■ **Supplied material**
↓↓↓
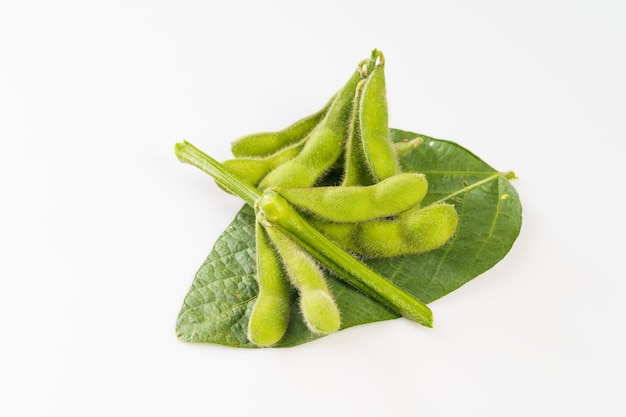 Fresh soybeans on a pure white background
↑↑↑
↓↓↓
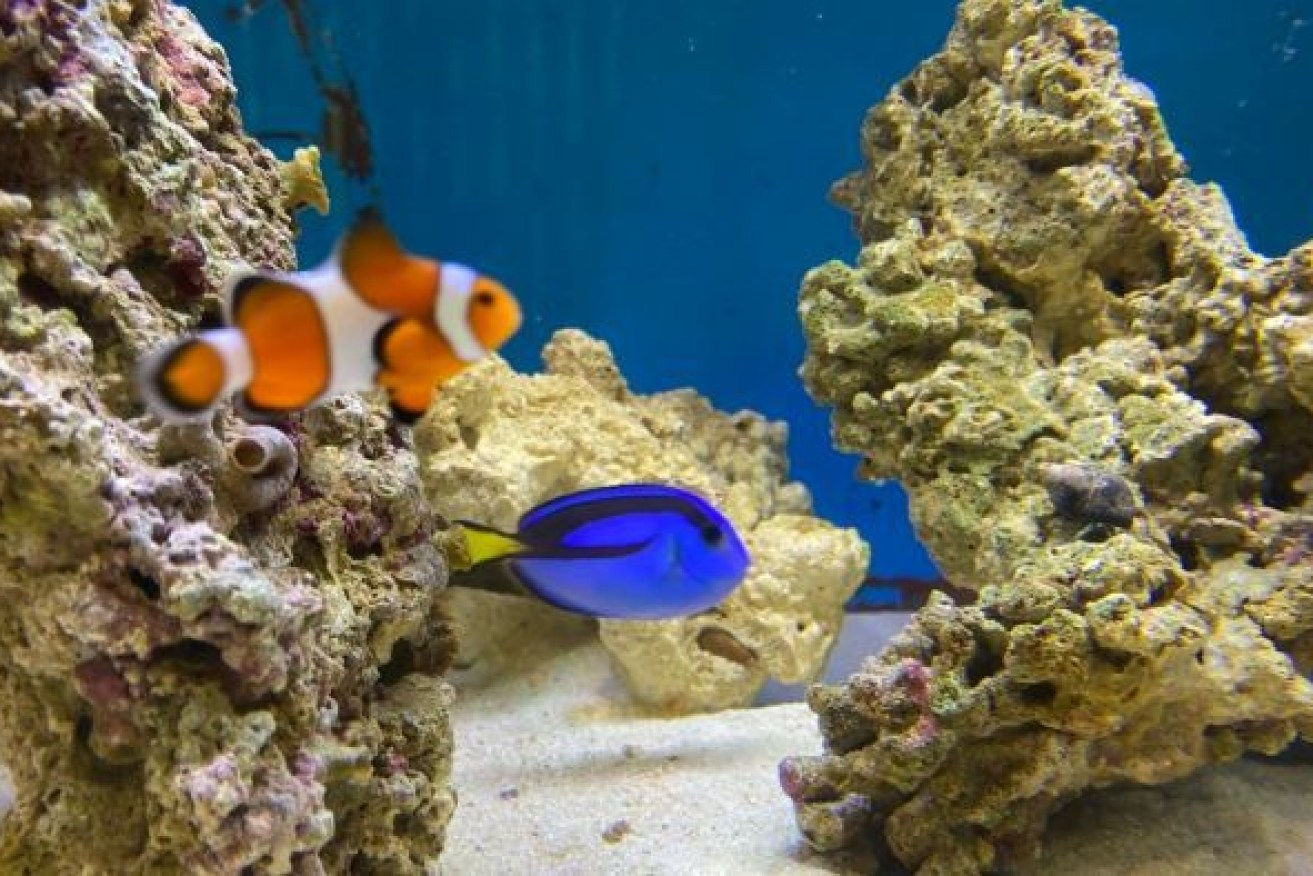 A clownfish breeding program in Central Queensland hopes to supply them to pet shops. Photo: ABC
↑↑↑
↓↓↓
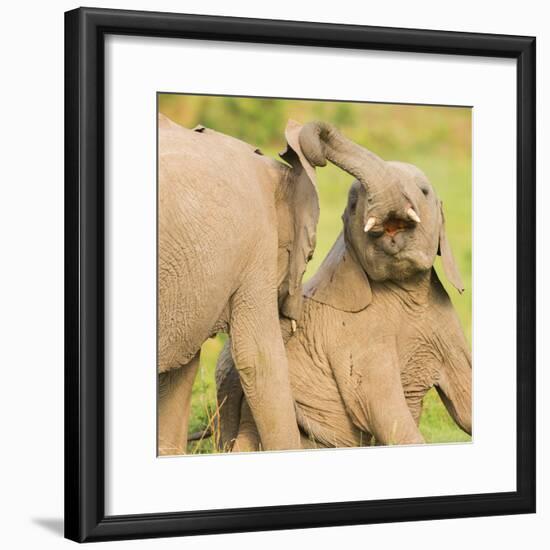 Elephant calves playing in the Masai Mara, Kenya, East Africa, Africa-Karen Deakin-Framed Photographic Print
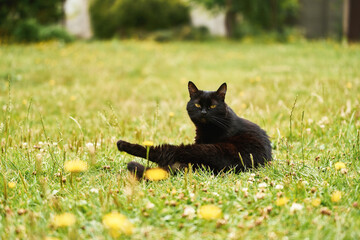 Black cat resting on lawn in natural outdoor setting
↑↑↑
■ **Work to be completed**
Output only the lines above from the one containing "Elephant calves playing" to the one containing "Black cat resting", both included, exactly as written and with no pictures.

■ **Task response**
 Elephant calves playing in the Masai Mara, Kenya, East Africa, Africa-Karen Deakin-Framed Photographic Print
 Black cat resting on lawn in natural outdoor setting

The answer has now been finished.